Thence it comes to pass that we see christians, searching after God in ordinances, and seeking for the Lord Jesus Christ in sermons, in prayers, in the closet, and in the sanctuary; for they live upon him. A holy soul pursues after the presence of his God, and his Saviour, with the same zeal of affection and fervent desire, that the men of this world indulge in their pursuit of created good: _My soul followeth hard after thee_; Ps. lxiii. 8. Carnal persons are contented to be absent from God, for he is not their life: They can satisfy themselves with a shew of religion, without the power of it; and with empty forms of ordinances, without Christ in them, because they are not born again, their life is not spiritual. The sinner lives upon visible creatures, and these awaken his warmest affections. A saint lives upon hidden and invisible things, upon the hopes of futurity, and upon the glories that are concealed in the promises: He lives upon the righteousness and the intercession of Jesus his Mediator, upon the strength and grace of Christ, who is his head in heaven; upon the word, the promise, and the all-sufficiency of a God; and therefore these are objects of his meditation and his desire.
I proceed now to the three inferences for our consolation.
1st Consolation. If our life be hidden with God, and our Lord Jesus Christ, then it is in safe hands. The wisdom and mercy of God have joined together, to appoint, shall I say, such a secret repository for our spiritual life, that it might be for ever secure. What can we have, or what can we desire more for the safety of our best life, than that God himself should undertake to reserve it in himself for us, and appoint his own eternal Son, in our nature, to be the great Trustee and Surety, for his exhibition of it in every proper season?

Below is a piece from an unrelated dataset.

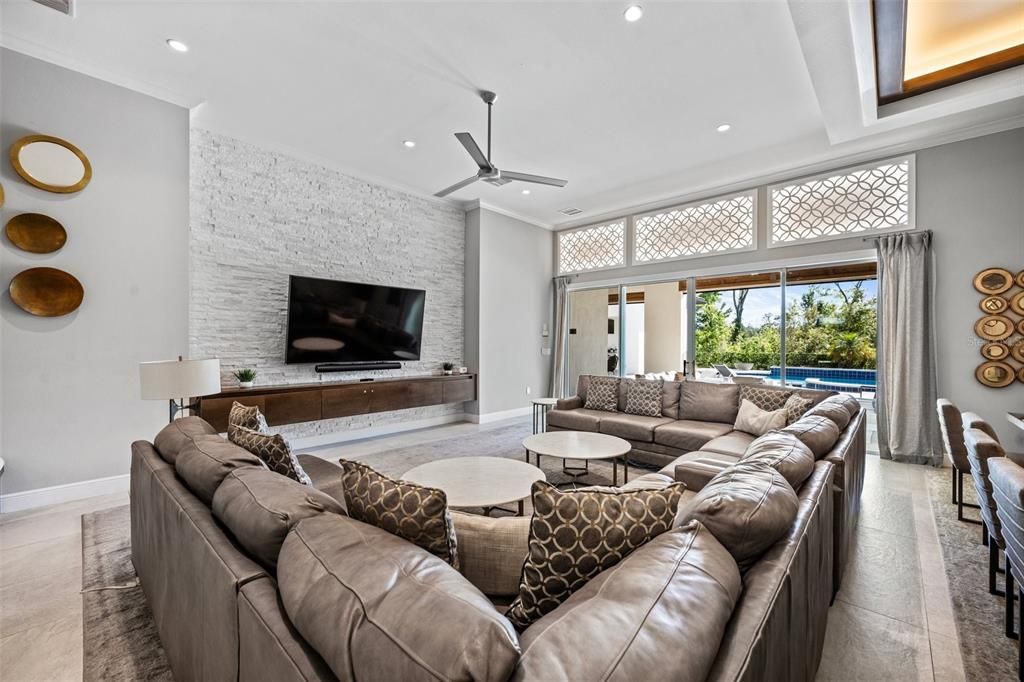 For Sale: $3,550,000 (10 beds, 10 baths, 8676 Square Feet)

Our original life was hid in the first Adam; it was intrusted with man, poor, feeble, inconstant man, and he lost it: He was of _the earth_, _earthy_, and our life with him goes down to the dust. Our new life is intrusted with Christ; it is hidden in God, who is almighty and unchangeable; and therefore it can never be lost. The second Adam is _the Lord from heaven_, a quickening Spirit; 1 Cor. xv. 45, &c. And _he that believeth on him, though he were dead in_ nature, _yet shall he live_ by grace, for _Christ is the resurrection and the life_: And if he be once made spiritually alive by Christ, he shall live for ever. This is the language of Christ himself; John xi. 25, 26.
What an unreasonable thing is it then for a christian to fear what men or devils can do against him, for they cannot hurt his best life! It is above the reach of all the assaults of earth or hell. Our Lord Jesus teaches us not to be afraid of them who only can kill the body; for the soul is not in their reach; nor is it possible for them to prevent the body from partaking of its share, in the glorious life appointed for a christian at the great rising-day.
We see here upon what firm grounds the doctrine of a christian’s perseverance is built, Christ is his life, _Jesus, the same yesterday, to-day, and for ever_. The all-sufficient God, and his eternal Son, have undertaken for the security of it; John x. 28, 29, 30. _I give unto them eternal life, and they shall never perish, neither shall any pluck them out of my hand. My Father which gave them me, is greater than all, and none is able to pluck them out of my Father’s hand. I and my Father are one._ God hath sworn by his holiness, that the seed of Christ shall endure for ever; Ps. lxxxix. 35, 36. and that his loving-kindness shall not be utterly taken away from his own children: And our Lord Jesus Christ doth little less than swear to the perseverance of his disciples, when he says; John xiv. 19. _Because I live, ye shall live also_: for, as I live, is the oath of God.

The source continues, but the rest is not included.